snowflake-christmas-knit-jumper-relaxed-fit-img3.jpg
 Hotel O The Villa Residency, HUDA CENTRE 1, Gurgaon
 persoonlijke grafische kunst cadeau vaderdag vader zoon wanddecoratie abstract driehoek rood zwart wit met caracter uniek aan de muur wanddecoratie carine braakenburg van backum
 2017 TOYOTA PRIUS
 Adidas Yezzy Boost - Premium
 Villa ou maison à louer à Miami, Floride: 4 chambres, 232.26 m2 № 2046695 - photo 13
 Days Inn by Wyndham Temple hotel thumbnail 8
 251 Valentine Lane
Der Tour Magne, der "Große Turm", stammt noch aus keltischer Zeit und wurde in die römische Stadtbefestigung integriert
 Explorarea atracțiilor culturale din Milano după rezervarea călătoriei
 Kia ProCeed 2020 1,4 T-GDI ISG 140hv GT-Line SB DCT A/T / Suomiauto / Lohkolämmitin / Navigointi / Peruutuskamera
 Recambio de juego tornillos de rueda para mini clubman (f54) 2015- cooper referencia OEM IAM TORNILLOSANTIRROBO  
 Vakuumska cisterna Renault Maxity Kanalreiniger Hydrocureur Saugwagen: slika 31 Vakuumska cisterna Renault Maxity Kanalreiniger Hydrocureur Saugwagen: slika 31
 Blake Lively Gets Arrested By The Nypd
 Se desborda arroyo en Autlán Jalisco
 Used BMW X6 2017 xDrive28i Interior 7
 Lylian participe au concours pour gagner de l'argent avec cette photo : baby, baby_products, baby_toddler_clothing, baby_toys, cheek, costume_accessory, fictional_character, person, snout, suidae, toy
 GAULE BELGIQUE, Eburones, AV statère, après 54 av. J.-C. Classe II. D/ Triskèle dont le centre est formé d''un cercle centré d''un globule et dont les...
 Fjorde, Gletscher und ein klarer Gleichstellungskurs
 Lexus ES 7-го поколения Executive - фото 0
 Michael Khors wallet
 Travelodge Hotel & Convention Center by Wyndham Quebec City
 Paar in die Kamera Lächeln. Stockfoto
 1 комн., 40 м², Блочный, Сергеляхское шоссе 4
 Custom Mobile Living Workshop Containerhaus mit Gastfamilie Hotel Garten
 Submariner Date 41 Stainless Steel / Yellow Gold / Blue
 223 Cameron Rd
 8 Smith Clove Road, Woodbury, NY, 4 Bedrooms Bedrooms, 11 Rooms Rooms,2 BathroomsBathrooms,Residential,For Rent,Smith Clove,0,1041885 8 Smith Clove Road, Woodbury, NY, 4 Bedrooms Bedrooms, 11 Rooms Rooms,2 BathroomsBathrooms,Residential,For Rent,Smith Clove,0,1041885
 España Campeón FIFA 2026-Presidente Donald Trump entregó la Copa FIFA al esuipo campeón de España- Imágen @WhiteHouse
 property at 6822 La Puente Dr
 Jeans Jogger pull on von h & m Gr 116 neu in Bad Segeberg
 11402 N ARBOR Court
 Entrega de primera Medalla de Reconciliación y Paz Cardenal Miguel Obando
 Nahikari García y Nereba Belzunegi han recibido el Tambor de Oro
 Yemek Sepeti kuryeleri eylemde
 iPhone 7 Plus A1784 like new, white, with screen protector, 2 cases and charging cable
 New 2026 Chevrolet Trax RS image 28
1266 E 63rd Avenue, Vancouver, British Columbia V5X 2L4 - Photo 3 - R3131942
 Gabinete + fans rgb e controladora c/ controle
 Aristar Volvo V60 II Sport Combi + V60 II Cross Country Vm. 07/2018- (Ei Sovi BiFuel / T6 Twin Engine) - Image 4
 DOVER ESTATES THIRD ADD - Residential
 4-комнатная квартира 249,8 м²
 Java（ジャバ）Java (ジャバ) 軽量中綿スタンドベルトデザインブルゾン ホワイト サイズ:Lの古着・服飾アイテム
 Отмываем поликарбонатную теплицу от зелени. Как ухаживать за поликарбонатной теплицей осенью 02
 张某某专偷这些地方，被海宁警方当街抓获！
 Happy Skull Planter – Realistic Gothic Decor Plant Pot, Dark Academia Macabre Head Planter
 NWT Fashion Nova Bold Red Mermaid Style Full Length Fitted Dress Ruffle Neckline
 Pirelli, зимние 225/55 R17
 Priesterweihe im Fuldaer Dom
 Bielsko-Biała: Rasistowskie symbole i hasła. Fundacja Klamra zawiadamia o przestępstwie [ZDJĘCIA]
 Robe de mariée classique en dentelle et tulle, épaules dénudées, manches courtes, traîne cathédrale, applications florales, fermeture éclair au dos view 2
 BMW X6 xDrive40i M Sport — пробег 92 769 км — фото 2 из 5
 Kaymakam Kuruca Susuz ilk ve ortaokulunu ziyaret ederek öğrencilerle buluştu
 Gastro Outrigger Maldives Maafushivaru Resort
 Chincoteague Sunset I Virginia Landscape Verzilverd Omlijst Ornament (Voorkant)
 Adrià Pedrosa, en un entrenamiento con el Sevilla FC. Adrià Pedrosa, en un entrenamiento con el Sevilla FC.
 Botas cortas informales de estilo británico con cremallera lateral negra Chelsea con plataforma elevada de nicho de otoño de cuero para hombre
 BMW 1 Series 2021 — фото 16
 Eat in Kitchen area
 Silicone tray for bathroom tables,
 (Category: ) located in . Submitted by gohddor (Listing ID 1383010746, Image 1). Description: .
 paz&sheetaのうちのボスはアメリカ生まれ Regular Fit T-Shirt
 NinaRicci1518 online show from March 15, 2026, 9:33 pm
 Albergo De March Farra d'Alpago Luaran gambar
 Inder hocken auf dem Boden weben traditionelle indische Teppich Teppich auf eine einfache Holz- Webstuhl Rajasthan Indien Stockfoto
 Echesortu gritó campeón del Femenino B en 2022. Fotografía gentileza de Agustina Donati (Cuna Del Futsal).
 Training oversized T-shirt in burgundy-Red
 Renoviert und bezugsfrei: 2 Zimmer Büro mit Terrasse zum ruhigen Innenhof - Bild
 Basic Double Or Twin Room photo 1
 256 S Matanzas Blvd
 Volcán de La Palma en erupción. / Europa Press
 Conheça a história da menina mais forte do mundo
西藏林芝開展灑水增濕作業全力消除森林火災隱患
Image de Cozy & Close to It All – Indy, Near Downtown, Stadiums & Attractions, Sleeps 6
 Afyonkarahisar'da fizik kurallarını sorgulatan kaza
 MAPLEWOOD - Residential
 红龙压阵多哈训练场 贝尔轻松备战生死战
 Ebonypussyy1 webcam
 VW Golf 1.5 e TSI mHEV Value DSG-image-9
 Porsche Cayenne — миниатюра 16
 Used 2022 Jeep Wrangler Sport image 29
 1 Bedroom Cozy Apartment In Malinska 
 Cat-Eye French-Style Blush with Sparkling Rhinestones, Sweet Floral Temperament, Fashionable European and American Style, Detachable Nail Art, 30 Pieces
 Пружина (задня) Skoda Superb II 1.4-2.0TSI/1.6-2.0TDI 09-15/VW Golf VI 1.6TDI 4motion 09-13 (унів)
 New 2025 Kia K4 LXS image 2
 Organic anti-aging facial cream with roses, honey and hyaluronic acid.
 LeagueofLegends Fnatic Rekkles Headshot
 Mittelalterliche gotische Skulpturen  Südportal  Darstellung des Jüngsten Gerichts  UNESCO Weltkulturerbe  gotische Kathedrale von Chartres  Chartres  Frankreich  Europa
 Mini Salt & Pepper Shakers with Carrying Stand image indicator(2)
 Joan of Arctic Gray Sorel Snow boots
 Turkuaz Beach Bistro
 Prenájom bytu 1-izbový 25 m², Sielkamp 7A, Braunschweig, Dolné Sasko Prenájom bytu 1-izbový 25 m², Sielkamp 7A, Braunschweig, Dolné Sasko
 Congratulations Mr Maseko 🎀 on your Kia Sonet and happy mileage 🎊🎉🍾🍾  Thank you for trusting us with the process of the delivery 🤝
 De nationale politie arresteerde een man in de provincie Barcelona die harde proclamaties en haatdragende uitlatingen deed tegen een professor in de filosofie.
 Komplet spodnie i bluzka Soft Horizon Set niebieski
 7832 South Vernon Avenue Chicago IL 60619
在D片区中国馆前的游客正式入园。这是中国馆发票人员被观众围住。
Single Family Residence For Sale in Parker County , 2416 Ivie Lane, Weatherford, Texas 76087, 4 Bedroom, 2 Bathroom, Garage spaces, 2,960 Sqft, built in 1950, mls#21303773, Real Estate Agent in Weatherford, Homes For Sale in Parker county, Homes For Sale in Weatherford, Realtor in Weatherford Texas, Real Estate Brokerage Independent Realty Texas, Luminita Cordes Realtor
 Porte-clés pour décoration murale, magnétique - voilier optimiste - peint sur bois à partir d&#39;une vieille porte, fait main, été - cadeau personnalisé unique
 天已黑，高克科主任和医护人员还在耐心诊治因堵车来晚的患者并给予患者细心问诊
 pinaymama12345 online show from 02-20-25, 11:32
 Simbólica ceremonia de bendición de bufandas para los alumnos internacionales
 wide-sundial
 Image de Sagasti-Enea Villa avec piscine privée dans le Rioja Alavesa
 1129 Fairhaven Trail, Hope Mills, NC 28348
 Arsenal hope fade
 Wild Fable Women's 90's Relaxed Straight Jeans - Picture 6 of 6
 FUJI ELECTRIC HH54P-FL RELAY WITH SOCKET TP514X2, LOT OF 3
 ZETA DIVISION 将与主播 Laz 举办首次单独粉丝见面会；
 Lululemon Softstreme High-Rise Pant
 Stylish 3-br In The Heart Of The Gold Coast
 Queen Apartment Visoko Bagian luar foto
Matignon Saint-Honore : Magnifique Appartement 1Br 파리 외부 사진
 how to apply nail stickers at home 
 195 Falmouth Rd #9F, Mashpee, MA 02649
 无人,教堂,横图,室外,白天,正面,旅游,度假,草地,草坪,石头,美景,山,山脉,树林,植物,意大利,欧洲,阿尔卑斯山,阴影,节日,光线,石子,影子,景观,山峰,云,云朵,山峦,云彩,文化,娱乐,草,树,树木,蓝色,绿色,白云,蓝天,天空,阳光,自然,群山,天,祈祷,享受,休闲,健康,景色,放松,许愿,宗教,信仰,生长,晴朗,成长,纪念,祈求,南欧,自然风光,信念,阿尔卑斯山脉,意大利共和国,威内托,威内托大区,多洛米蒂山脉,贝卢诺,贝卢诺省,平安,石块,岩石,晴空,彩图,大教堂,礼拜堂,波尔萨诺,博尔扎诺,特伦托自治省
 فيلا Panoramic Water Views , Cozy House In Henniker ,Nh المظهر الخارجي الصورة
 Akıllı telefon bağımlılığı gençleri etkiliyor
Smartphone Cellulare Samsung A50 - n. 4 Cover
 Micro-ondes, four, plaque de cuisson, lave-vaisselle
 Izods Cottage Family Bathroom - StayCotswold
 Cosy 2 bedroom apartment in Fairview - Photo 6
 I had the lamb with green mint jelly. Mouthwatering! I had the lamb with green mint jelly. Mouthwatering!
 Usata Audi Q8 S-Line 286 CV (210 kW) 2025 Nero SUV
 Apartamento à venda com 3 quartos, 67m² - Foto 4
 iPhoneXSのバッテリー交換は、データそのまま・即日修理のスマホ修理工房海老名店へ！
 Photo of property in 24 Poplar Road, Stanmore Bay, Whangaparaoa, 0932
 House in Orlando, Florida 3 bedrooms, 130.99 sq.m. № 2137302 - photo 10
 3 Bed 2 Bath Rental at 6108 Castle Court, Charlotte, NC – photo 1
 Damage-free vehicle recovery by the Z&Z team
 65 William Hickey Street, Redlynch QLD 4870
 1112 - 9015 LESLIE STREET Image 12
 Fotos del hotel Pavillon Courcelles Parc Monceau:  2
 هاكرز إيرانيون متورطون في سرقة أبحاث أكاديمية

┄┄┄┄┄┄┄┄┄┄┄┄┄┄┄┄┄┄┄┄

* **WHAT THE TASK ASKS**: This exercise requires the lines of the entries containing the string "Sport".

* **ANSWER AREA**:
 Aristar Volvo V60 II Sport Combi + V60 II Cross Country Vm. 07/2018- (Ei Sovi BiFuel / T6 Twin Engine) - Image 4
 BMW X6 xDrive40i M Sport — пробег 92 769 км — фото 2 из 5
 Used 2022 Jeep Wrangler Sport image 29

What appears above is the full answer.